世界貿易センタービルWTC(東京都港区2015/05)

世界貿易センタービル

~改修により徐々にバリアフリーになっています、高度経済成長期のシンボル WTC~

 

昭和45年竣工、当時では東洋一の超高層ビルでした。以来ほぼ45年の歳月が流れ、世の中はバリアフリー時代に進化。浜松町駅でJRやモノレールを利用すると、古臭いままに思えますが、貿易センタービルもそれなりにバリアフリーになりつつあります。

 

特にB1の飲食フロアは綺麗になり、ルートによってはそこにたどり着くのが解りにくく、やや不便もあるのですが、使いこなせば車椅子で快適に利用できます。

 

最上階はいまだに有料展望台が営業しています。古い展望台なのですが、現在では下階に降りる車椅子用の専用リフトが設置され、障害者用トイレも増築されました。障害者手帳の提示で、入場料が半額に減免されるサービスもあります。

地上40階。もっと高いタワーマンションがある時代ですが、昭和40年代の施設に後付されたバリアフリー設備に興味がある方は、ぜひそういう目線でご見学ください。

 

その下のフロアが「スカイホール」。結婚式場です。この式場は人気。眺望が良い上に、アクセスは抜群の立地。羽田空港利用のお客さんを招待するなら、最高の立地です。

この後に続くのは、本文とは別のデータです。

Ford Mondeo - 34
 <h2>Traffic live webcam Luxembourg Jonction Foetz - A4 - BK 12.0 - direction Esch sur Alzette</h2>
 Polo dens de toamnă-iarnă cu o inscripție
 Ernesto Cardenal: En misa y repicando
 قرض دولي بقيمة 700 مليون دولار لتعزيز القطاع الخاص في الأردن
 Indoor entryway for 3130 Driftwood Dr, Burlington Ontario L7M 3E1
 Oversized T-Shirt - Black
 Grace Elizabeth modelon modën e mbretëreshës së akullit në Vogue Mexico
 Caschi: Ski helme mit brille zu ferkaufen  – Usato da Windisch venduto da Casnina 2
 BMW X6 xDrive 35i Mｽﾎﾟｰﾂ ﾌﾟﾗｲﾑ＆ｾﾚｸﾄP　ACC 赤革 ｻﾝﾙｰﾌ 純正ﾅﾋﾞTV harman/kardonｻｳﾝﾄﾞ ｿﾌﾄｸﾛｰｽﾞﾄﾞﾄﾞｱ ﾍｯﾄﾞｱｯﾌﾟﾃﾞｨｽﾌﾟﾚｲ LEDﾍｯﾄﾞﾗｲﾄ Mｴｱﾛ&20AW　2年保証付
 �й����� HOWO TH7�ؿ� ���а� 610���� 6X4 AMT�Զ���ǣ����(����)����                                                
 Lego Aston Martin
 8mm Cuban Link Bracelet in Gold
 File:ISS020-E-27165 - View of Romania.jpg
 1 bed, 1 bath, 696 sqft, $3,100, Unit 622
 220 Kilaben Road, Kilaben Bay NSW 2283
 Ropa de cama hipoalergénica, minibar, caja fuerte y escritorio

結婚式以外のイベントやパーティも、もちろん可能な施設。駅直結、空港至近、そして高い所が好き、という人に、お薦めのホールです。

ただし、障害者用トイレは、40階の展望台フロアに専用リフトで登って利用することになります。それも楽しめる人ならお薦めです。

 

B2から3Fを結ぶエレベーターができました。その程度で喜んでいいのかはともかく、車椅子での縦の移動も出来るようになりました。

 

B1には障害者用トイレが出来ました。まだピカピカのトイレです。大門、浜松町でトイレを借りるならここです。WTCのB1トイレ。車椅子ユーザーは、覚えておくときっといいことがあります。

世界貿易センタービル

B1フロアのレストラン街のお店は、昔ながらのお店もありますが、今どきのバリアフリー店舗もあります。おおよそ半分くらいの店舗は、車椅子でも利用可能なイメージ。かつての絶望的な状況から比べると、バリアフリー上の大進歩といえます。

 

1Fエントランス周りの無駄な段差や、奥に広がる昔ながらの飲食街などはあまり変わっていません。ただ、昔ながらの1F奥の飲食街の一番奥にあるトイレには、障害者用トイレが併設されています。設備は古く、広さもいまひとつですが、あることはあります。

 

高度経済成長期のシンボル的なビル。ただのビルというよりは、経済成長という一つの思想を具現化した施設です。このビルの運営会社は昭和39年に設立されています。

敗戦から一流国にはい上がる、昭和30年代の熱い情熱がこもったビル。モノレール開業、首都高速開通、そして新幹線。前回の東京オリンピックで盛り上がった勢いを、そのまま持ち込んだ、そんな運営会社です。

このビルに、昭和の熱気が伝わるような企画展示などがあると面白いと思うのですが、現在は見当たりません。

 

バリアフリーになったといっても、基本が昭和45年のビル。限界はあります。最新のバリアフリー施設のイメージでは利用しないでください。そういう古い施設でも、ここまで進化しているという温かい目でご利用ください。